By  |  Saturday, October 9, 2010 at 3:17 pm

Less than two weeks ago, I attended a talk by Google CEO Eric Schmidt at the TechCrunch Disrupt conference. Schmidt spoke about a profoundly computer-augmented future, and said that there was no reason why super-safe self-driving cars couldn’t be built–in fact, he said he couldn’t understand why humans were allowed to drive automobiles at all. (As is fairly common with Schmidt comments, it wasn’t entirely clear where that comment sat on the continuum from utter frivolity to deadly seriousness.)

At the time, I wondered whether Google wanted to control the computers that controlled the world’s cars. Now we know the answer: It does, or at least it wants to play an active role in inventing the technology.

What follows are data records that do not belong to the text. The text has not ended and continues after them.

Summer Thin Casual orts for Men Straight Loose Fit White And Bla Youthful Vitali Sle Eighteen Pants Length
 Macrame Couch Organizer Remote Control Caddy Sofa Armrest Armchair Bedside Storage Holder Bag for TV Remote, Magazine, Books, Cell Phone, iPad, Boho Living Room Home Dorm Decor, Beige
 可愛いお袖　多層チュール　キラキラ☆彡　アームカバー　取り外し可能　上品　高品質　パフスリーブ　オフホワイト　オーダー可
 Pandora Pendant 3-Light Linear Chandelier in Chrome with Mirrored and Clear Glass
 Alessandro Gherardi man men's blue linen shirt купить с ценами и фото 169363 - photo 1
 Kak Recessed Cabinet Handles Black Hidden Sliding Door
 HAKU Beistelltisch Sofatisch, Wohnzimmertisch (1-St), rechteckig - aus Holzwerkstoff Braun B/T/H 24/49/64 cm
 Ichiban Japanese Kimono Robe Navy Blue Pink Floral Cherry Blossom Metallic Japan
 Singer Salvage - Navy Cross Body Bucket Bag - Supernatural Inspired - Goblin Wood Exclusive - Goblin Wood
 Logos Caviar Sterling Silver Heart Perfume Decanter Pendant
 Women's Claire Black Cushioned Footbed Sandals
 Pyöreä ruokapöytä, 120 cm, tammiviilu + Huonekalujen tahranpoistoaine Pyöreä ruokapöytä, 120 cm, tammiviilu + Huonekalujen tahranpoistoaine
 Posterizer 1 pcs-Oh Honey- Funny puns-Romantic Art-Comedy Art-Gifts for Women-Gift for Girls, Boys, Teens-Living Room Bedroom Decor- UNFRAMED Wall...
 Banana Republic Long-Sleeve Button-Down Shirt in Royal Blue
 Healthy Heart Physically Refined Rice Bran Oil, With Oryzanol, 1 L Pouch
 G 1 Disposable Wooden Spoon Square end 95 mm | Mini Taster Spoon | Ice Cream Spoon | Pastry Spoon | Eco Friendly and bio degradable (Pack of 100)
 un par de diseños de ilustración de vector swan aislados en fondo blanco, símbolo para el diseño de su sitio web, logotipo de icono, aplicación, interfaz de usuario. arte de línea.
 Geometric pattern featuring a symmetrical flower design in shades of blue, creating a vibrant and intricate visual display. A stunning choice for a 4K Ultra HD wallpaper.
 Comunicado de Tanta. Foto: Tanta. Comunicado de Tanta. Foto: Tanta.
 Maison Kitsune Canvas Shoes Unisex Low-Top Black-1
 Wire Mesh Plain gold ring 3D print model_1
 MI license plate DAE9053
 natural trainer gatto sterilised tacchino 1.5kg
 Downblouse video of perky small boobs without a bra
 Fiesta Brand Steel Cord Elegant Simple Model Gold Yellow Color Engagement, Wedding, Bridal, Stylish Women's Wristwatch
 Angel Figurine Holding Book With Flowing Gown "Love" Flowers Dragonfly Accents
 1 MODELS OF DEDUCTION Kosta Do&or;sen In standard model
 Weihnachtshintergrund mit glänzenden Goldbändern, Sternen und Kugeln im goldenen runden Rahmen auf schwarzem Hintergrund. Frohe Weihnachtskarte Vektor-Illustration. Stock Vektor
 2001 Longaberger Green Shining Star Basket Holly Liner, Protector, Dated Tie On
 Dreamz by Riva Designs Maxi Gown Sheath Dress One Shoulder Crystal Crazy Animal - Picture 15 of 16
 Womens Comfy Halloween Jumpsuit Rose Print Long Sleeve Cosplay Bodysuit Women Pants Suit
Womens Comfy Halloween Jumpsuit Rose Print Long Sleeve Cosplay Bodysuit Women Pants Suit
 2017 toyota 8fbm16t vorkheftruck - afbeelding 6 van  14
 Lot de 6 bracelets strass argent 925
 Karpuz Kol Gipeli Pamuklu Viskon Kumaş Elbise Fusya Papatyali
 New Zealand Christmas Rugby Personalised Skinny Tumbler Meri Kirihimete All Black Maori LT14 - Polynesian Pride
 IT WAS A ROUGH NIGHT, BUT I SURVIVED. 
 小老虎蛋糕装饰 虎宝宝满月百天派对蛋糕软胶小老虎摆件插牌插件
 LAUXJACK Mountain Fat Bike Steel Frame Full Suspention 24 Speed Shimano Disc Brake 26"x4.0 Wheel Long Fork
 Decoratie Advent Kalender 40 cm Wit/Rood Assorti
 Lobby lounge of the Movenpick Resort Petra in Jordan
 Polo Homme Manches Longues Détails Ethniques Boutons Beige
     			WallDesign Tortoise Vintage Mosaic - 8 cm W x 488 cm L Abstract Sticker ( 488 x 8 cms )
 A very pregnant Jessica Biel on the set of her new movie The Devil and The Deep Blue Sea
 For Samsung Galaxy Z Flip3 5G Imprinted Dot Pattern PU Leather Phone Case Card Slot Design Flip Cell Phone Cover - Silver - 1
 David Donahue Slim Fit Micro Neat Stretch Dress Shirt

As the New York Times’ John Markoff reports and a Google blog post discloses, Google has been working on developing cars that can drive themselves. One such vehicle, a modified Prius, motored its way down the coast from San Francisco to Santa Monica. (Its route apparently came within a couple of miles of my house–maybe I shared the road with it.) The idea may stretch the definition of Google’s mission–”to organize the world’s information and make it universally accessible and useful”–but the noble goals include saving lives, reducing pollution, and generally making travel more efficient.

The Google blog post says that its autopilot vehicles have logged more than 140,000 miles to date, which presumably means the project has been going on for quite a while. It sounds cool, but I’m unclear why it’s apparently been secret until now, or why Schmidt spoke so cryptically and so recently of laws restricting the roads to self-driving cars without mentioning that Google was building them.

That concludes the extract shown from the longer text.